À travers l’œil de cet écrivain chinois, Shanghai nous apparaît comme une cité grouillante et débordante de paradoxes où le passé côtoie le présent, comme en témoigne cet extrait de Mort d’une héroïne rouge : « Au nord de la rue Jingling, la rue du Yunnan était devenue une “rue des Gourmets” prospère, pleine de gargotes et de restaurants, mais au sud elle restait presque inchangée; vieilles maisons délabrées, datant des années quarante, avec des paniers, réchauds et points d’eau collectifs alignés sur le trottoir. »

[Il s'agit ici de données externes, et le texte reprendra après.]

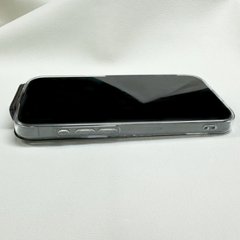 iphone15pro レザーケース　黒猫の手でレンズ守ります　肉球はピンク画像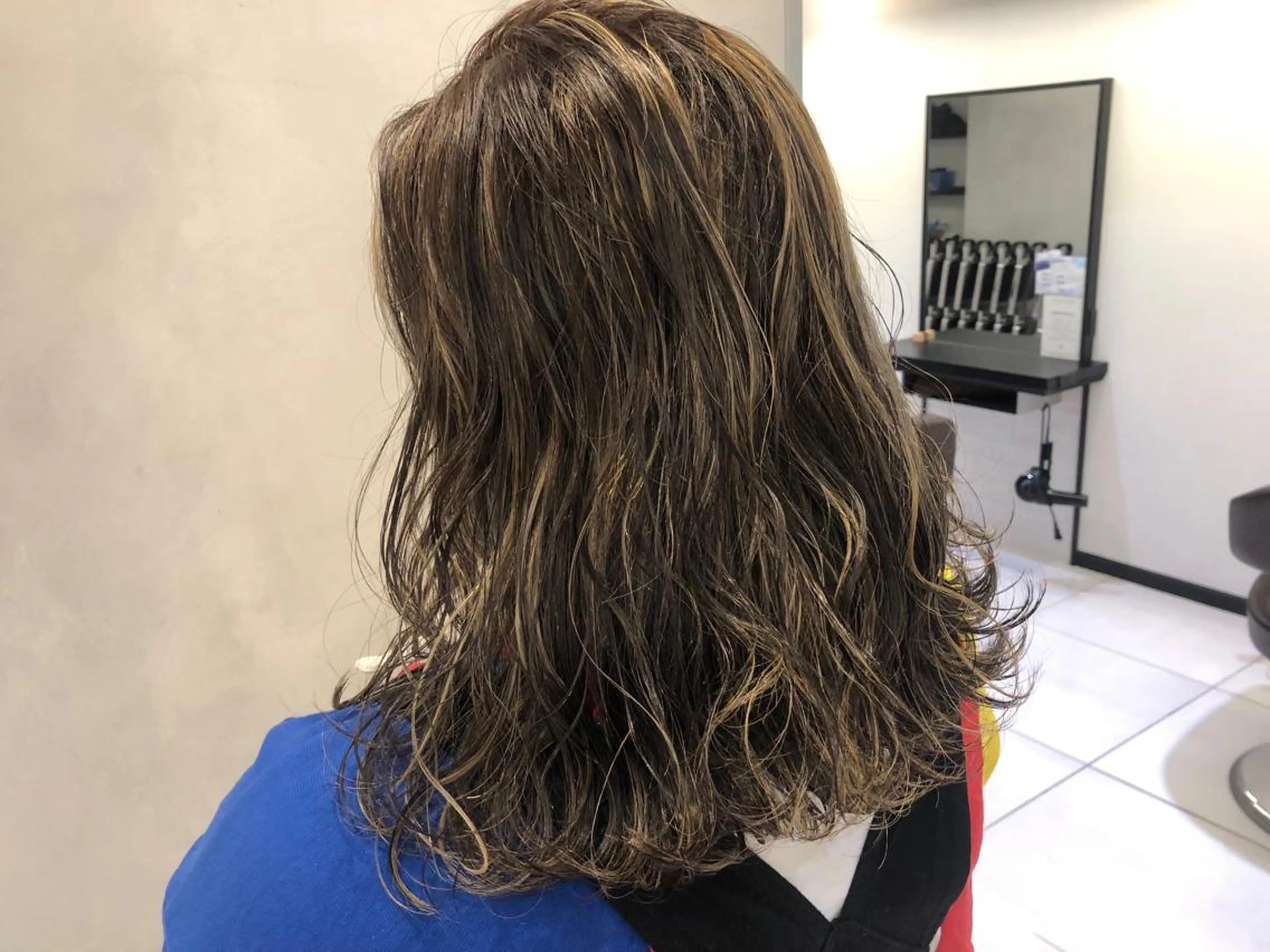 セミロング カラー パーマ 渡邊 桃香のヘアスタイル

Dans Visa pour Shanghai, nous découvrons également que la ville évolue autour du Bund, boulevard qui longe la rivière Huangpu : « Le Bund s’étirait le long du fleuve comme un foulard déroulé… À droite, le parc brillait comme une perle éclairant la nuit. » Dès les premières pages du roman, nous constatons l’attachement de l’inspecteur vis-à-vis de cette oasis urbaine : « Le parc du Bund restait son parc. La brise fraîche lui apporta la petite musique de la tour des Douanes. À l’époque de la Révolution culturelle, elle jouait un autre air,L’orient est rouge”»

Shanghai se modernise et la culture communiste laisse tranquillement sa place à la culture capitaliste : « Comme dans beaucoup de quartiers, des bataillons de petits vendeurs avaient transformé cette rue résidentielle en marché non officiel. L’étroite ruelle était bordée de petites cabanes, de présentoirs, d’étals, de brouettes chargées de marchandises et de boutiques… Quelques marchands s’étaient installés sous des auvents ou des parasols… Certains avaient étalé leurs marchandises sur un tapis à même le trottoir, faisant ressembler la rue à une vaste foire. »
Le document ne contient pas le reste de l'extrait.